Kevin, which model of Kydex did you get?  Was it for the BHP...their stuff seems only to list for Berretta, Glock and SIG...?  ???

Thanks,
Duey


----------



## KevinB (25 Aug 2005)

Blade Tech Inside the Waist Band Holster

 They make them for many models...  
They have them for BHP's - I got an OD version - it is not ideal under a combat shirt unless you leave two buttons undone.  I got it for a course that I had to carry concelead on - I've used it at work but w/o a cbt shirt on. 

 I think for the sort of role I envision pilot (stepping out of lane) a belt mounted 6280 (the belt version of the 6004) would work.  I despise shoulder holsters - as they pretty much require breaking the laser rule suring the draw.  But I can see why some (crewmen etc.) may like them.

 In armour you will need some drop so a high riding 6004 will work well (cinch it up and only use the bottom leg strap - the top would be too high)  Consensus over at Lightfighter driven by real shooters was this was the way to go -- I tried it and it does much better than the lower leg mounted way (at least for me).


----------



## Good2Golf (25 Aug 2005)

KevinB said:
			
		

> Blade Tech Inside the Waist Band Holster
> 
> They make them for many models...
> They have them for BHP's - I got an OD version - it is not ideal under a combat shirt unless you leave two buttons undone.   I got it for a course that I had to carry concelead on - I've used it at work but w/o a cbt shirt on.
> ...



Thanks Kevin, that looks about right.   I'll be mingling with others, not legging it on partol , so it's more to make sure I have something on me but not look like Dirty Harry packing an arsenal...cheers!  p.s. I also may look at the outside-belt version.

Duey


----------



## paracowboy (25 Aug 2005)

gentlemen, you do realize that you may be setting yourselves up for some serious legal issues by concealing your sidearms while in uniform?  
I can't say yea/nay definitely, but I do recall a huge stink a few years ago, with soldiers 'concealing' sidearms. Something about *Soldiers in Uniform * (dah dah daaah!) having to carry arms openly, or else be liable to charges of espionage or some such. 

If anybody does check, wouldja mind letting me know how it turns out?


----------



## KevinB (25 Aug 2005)

AFAIK there is nothing prohibiting soldier from carrying (issue) pistols while in Uniform - some hubbub I knwo of was when a 2VP (Roto 7)attached Artillery Reserve Officer was carrying it concealed while out of uniform and attempting to do operations with other forces etc.

 If you are not in uniform and carrying arms concelead you no longer have Geneva and Hague convention protection (big fat hairy deal in the theatre of operations) the authority for those sort of ops comes from higher.


----------



## paracowboy (25 Aug 2005)

I remember now, someone decided that it violates the Hague Convention.
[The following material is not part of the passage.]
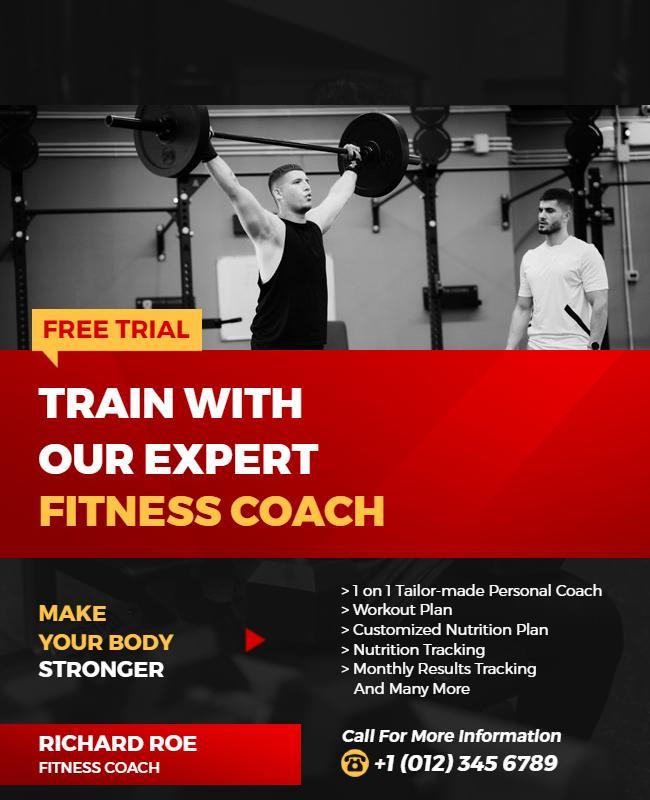 Expert Fitness Coaching Program Flyer Template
La!


> Laws of War :
> Laws and Customs of War on Land (Hague II); July 29, 1899
> The Convention
> 
> ...


 Thus, any soldier caught with a 'concealed' sidearm is not legally required to receive proper treatment under the Geneva Conventions. Considering that none of our enemies since WW II have ever been signatories...
I don't know if that has been declared official policy.


----------



## Good2Golf (25 Aug 2005)

paracowboy said:
			
		

> gentlemen, you do realize that you may be setting yourselves up for some serious legal issues by concealing your sidearms while in uniform?
> I can't say yea/nay definitely, but I do recall a huge stink a few years ago, with soldiers 'concealing' sidearms. Something about *Soldiers in Uniform * (dah dah daaah!) having to carry arms openly, or else be liable to charges of espionage or some such.
> 
> If anybody does check, wouldja mind letting me know how it turns out?
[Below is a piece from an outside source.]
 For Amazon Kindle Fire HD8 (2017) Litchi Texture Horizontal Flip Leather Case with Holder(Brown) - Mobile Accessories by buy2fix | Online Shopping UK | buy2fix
PC, not to go into too much but subdued (not concealed) carry is part of my skit...JAG already made sure I and others are suited up doing what we'll be doing to ensure compliance with G.C. and other LOAC policies.   I would be considered an identifiable combatant according to Ch 1 of the G.C.(note Art.13, Para. 1 says nothing about having to openly carry weapons...you are identified through uniform and insignia)   Article 13 provides greater detail of individuals not belonging to the armed forces of one of the combatant forces (including inhabitants taking up arms in the conflict) and provides details as follows:   

Chapter 1 of the Geneva Convention (c. 1949)


> Article 13 (to Chapter 1)
> 
> The present Convention shall apply to the wounded, sick and shipwrecked at sea belonging to the following categories:
> 
> ...



2 more  ¢

Cheers,
Duey


----------



## TCBF (25 Aug 2005)

It doesn't mean you have to carry ALL arms openly.  You can still have stuff in your pouches and ruck, covered by other gear, etc.  Spirit of the law, and all that. 

Tom


----------



## garb811 (25 Aug 2005)

> Laws of War :
> Laws and Customs of War on Land (Hague II); July 29, 1899
> The Convention
> 
> ...


In other words, provided a militia or volunteer corps meets those four conditions, they are to be treated as if they were a regular army.  So, if they are captured, they are to be considered prisoners of war, If they fail to meet any of these conditions, then the laws, rights and duties of war do not apply.  As Duey pointed out, you're already clearly identified as a member of an Army provided you are in uniform.


----------



## paracowboy (25 Aug 2005)

I'm not worried about them being captured, or any other enemy action. It's our side, that I'm concerned with. I'm worried about some crusty ol' Sar'nt-Major comin' down on 'em like a...well, like a crusty ol' Sarn't-Major.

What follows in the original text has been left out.